Wednesday, February 21, 2007

Oh. It’s You. The Reminder of My Past Self
If you’re a blogger, you spend countless hours sitting around thinking about what your next post is going to be. More often than not, those great ideas never come to fruition, because when you sit down to write, you end up going with your heart. That’s what’s happened to me today.
I woke up this morning and realized that my cable TV and DSL were offline. Rather than do my usual routine of sitting in the living room and watching my morning program, I sat in the dark and smoked an extra cigarette, the deafening silence and darkness ripping at my soul.
I called Time Warner and was told that my building is experience an “outage” and most likely will be restored before 6pm tonight. I can only hope.
I left for work, felt incredibly anxious on the subway, and sat at my desk, bored to tears. With all of that extra time to contemplate my life, I about sent myself into a complete downward spiral by lunchtime. I did what only an experienced depressed boy does. I went to a restaurant with my book and drank some wine and ate a cheeseburger. Man, it felt good, considering that I’ve been trying to eat healthy these days.
But then I got back to work and this incredible sadness set in. I’m talking - to the guttural roots of your insides - kind of sadness. If I could puke it out and rid myself of the toxin I would. Unfortunately, this is exactly what depression feels like and it’s been so long since I’ve had a crash that I almost didn’t recognize it for what it is.

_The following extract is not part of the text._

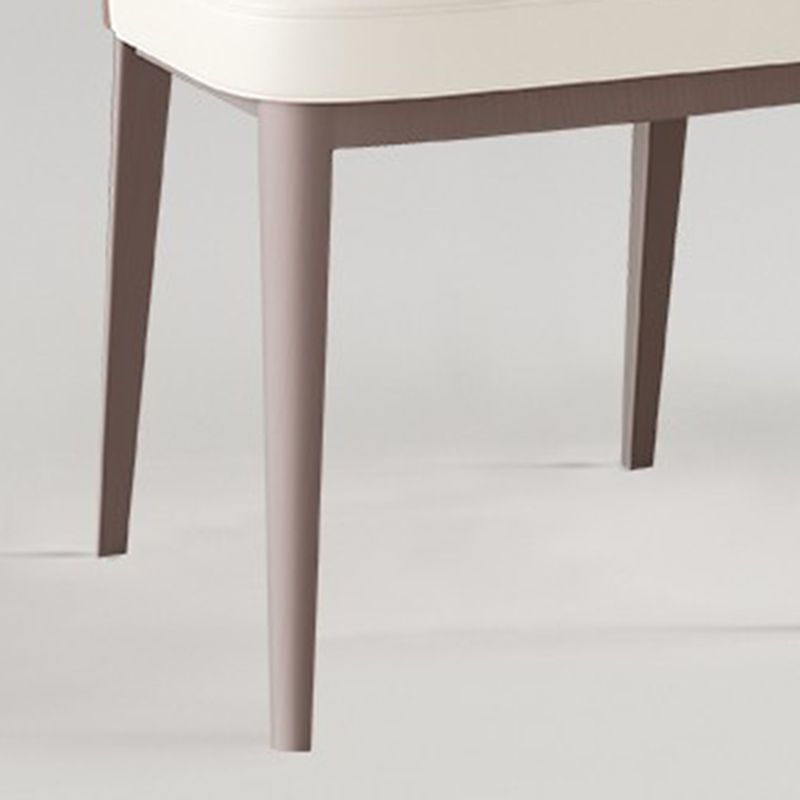 Sillas de comedor contemporáneas que cenan las sillas laterales sin brazos con las piernas del metal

The physical body ache, the mental obsession with failure, the self-absorbed thought that no one would care if I went home and took a hundred sleeping pills.

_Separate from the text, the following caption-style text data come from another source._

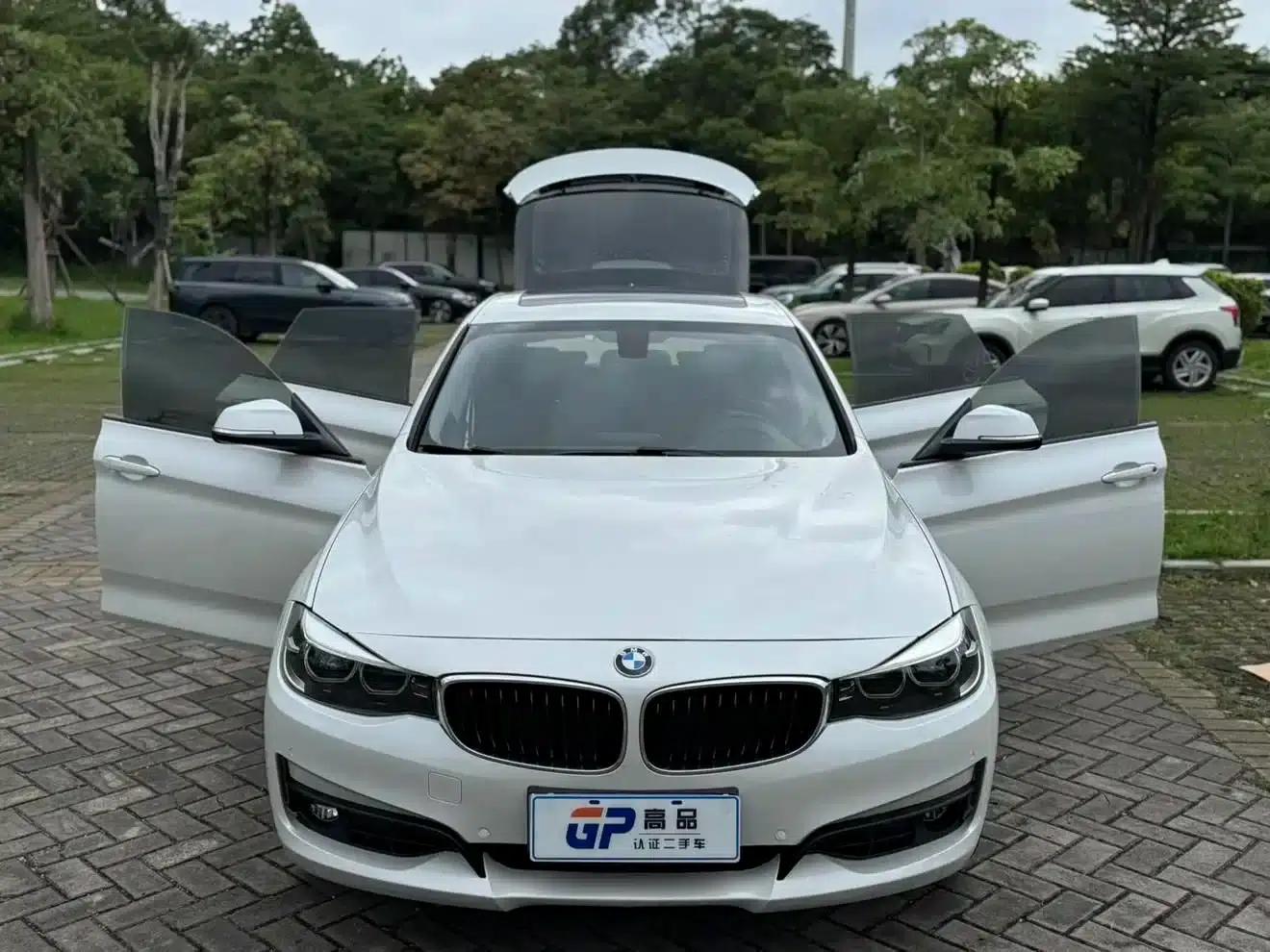 2019 BMW 3 Series GT 320i M Sport — миниатюра 22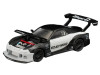 Mazda RX 7 RE Super G Time Attack RHD Right Hand Drive Black and White "The Model Car Show Malaysia 2026 1/64 Diecast Model Car Pop Race PR640516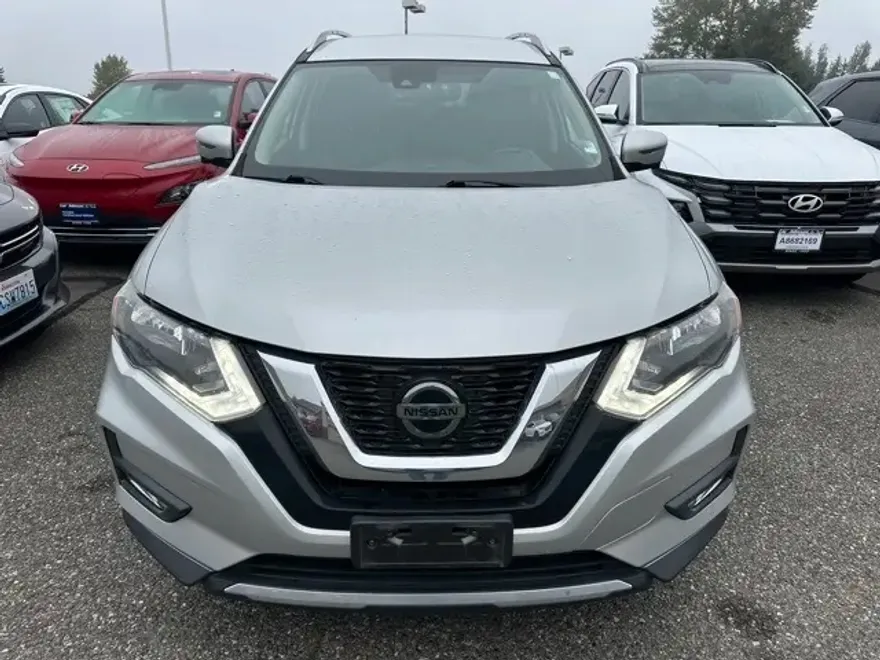 2018 Nissan Rogue AWD SL photo 1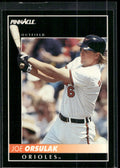 1992 Pinnacle #362 Joe Orsulak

It’s the ugliest of mindsets that a person can have and for a while I lived with it daily. Since the start of this year, I’ve felt so strong, so capable…so…content. Of course I have bad days and I do tend to cry more than the average person (privately, obviously)…but ultimately, I haven’t felt hopeless.
Today I do. No matter how desperately I try to shake it free, concentrating on its removal almost makes it worse, more intense.
The shittiest part about this feeling is that I have no one at work that I can casually talk to about it. I’ve established myself as the guy who is a listener, not a speaker. I trust no one here with my heart and because of that I have no one to turn to when I feel so down and out.
Usually I would think…I’ll run home, turn on the TV, make myself a drink or dinner or both and relax. But there is no TV. There is no computer. There is only my phone. Which, in all honesty, is the last thing I want to use when I feel like this.
It might be home and right to bed for this boy tonight.